Export A
Vor mir auf dem niedrigen, eckigen Sofatisch, dessen Beinstümpfe in der Dunkelheit versumpfen, steht ein brillantgelber Pappkarton. So durch und durch gelb, dass er den Sieg davonträgt gegen die Dunkelheit und ihr ein kleines, kubusförmiges Leuchten, einen aufgehellten Fleck, abringt.
Auf der mir zugewandten Seite lese ich meinen Namen in den vertrauten Bögen und Schwüngen der Handschrift meiner Mutter.
Meine Hand schließt sich fester um das kleine, dickwandige Glas.
Nach einiger Zeit wehren sich Daumen und Handfläche mit krampfartigen Zuckungen gegen den Klammergriff.
»Ah! Damn it …«
Ich lasse das Glas los und öffne meine geballte Rechte. Gläsernes rollt über Hölzernes. Die Pappwand hält es auf. Mit dem linken Daumen massiere ich die Lebenslinien und Fingerglieder meiner Schreibhand. Ich lockere die Hand, lasse sie vom Gelenk baumeln. Nervige Scheiße.
Tyler redet unterdessen ungerührt weiter. Zwischen den Sätzen wandert seine linke Hand in mein Osterpäckchen. Seine Finger rascheln tastend durch Verpackungsschnipsel und erbeuten kunterbunte Eier verschiedenster Größe.
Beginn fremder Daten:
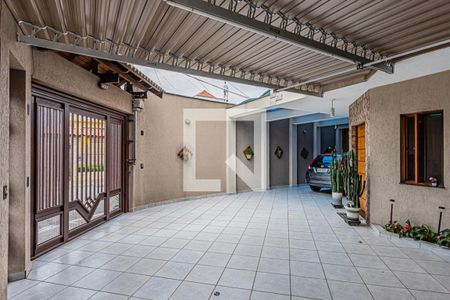 Casa para alugar com 243m², 3 quartos e 6 vagas Casa para alugar com 243m², 3 quartos e 6 vagasGaragem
Erstaunlich geschickt befreit er die Schokoladen einhändig aus der silbrig-glänzenden Aluminiumhülle. Bloßgelegtes Braunes kullert über den Rand der rosa Mundspalte, verschwindet und verschmilzt im Dunkeln.
Die Erzählung wird heftiger, lauter. Jeder Satz endet mit einem ovalen, süßen Punkt. Nur sein Gesicht bleibt bitter.
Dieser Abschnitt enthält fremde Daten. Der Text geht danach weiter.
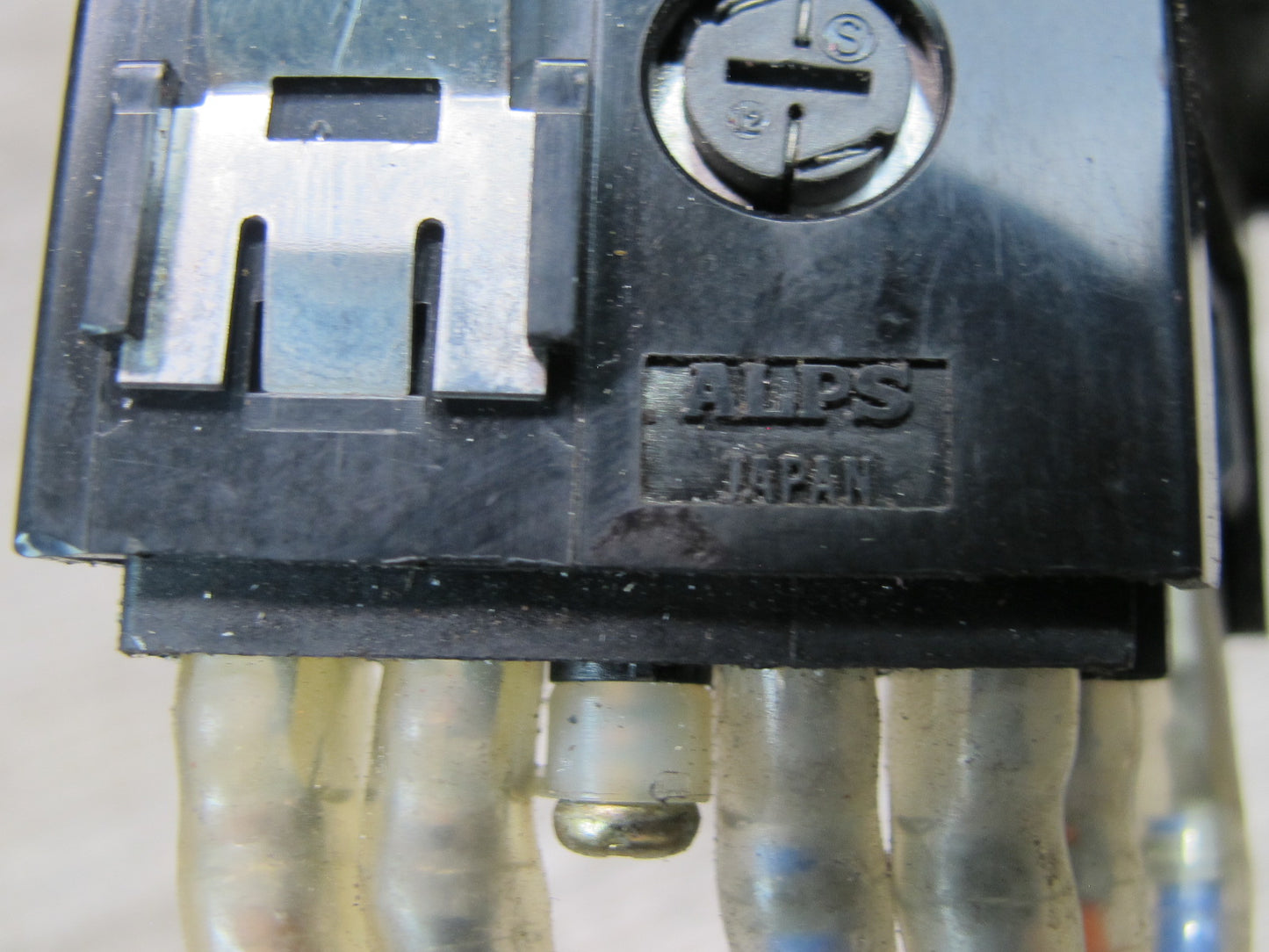 92-93 Chevrolet Corvette C4 Right Door Power Window Switch 10161835 OEM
In den langen, gedehnten Kunstpausen führt er die Flasche zum Mund und trinkt. Trinkt, setzt ab und betrachtet kopfschüttelnd den klaren, zur Neige gehenden Flascheninhalt, bevor er weiterspricht.
Eingelullt von seiner an- und abschwellenden Sprachdynamik sitze ich da und beobachte den Rhythmus aus Schokolade, Schlucken, Schreien, Schnaps, Schütteln; Ei, Essen, Erzählen, Exen, Erschaudern; Füllung, Fressen, Flüstern, Flasche, Fixieren; Alpenmilch, Abbeißen, Anklagen, Ansetzen, Anschauen … Gramm für Gramm, Milliliter für Milliliter. Schokolade und Schnaps geben ständig neue Anstöße. Die Worte fallen wie Dominosteine.
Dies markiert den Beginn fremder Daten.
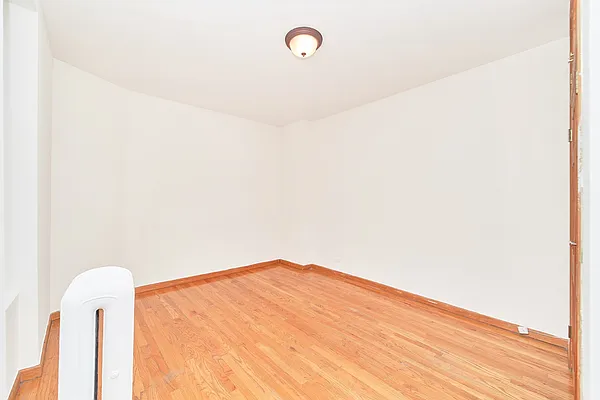 Rented by Living New York | media 8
Meine Augen suchen nach Beschäftigung. Ich lasse sie Mutters Buchstaben auf dem Osterpäckchen abtasten. Erlaube ihnen, das E, das L, das I und alle folgenden Zeichen, aus denen sich mein Name zusammensetzt, zu streicheln. Wieder und wieder lese ich mich. Elisabeth Kerz, Elisabeth Kerz, Elisabeth Kerz.
Das führt doch zu nichts!
Ich fühle mich nicht allein. Alleinsein ist nur eine Zustandsbeschreibung, denke ich trotzig. Außerdem ist ja jemand da. Tyler ist da.
Zumindest körperlich ist er da. Innerlich ist er weit in die Vergangenheit abgerückt. Zu seinem Vater und seinen Hoffnungen. Zum Boxtraining. Zu dem vielversprechenden Talent, das er einst war …
Vor mir steht das gelbe Zeichen. Sie denken an mich. Irgendwo, jenseits des Atlantiks, denken sie an mich. Sie denken an Elisabeth Kerz. Keine Ahnung, wer das sein soll. Ich hätte mich weigern sollen, dieses Paket entgegenzunehmen. Tut mir leid, aber dieses Mädchen existiert nicht mehr, hätte ich sagen sollen.
Die Quintessenz von Tylers Gerede betrifft auch mich, oder vielmehr: SIE, diese Elisabeth Kerz, die ach-so-vielversprechende Schülerin von damals, deren Namen ich mit mir herumschleppe.
Wie sehr, wie zuversichtlich haben wir alle auf sie gebaut! Was wurde nicht alles erwartet, von Eltern, Lehrern, Pastoren und mir selbst …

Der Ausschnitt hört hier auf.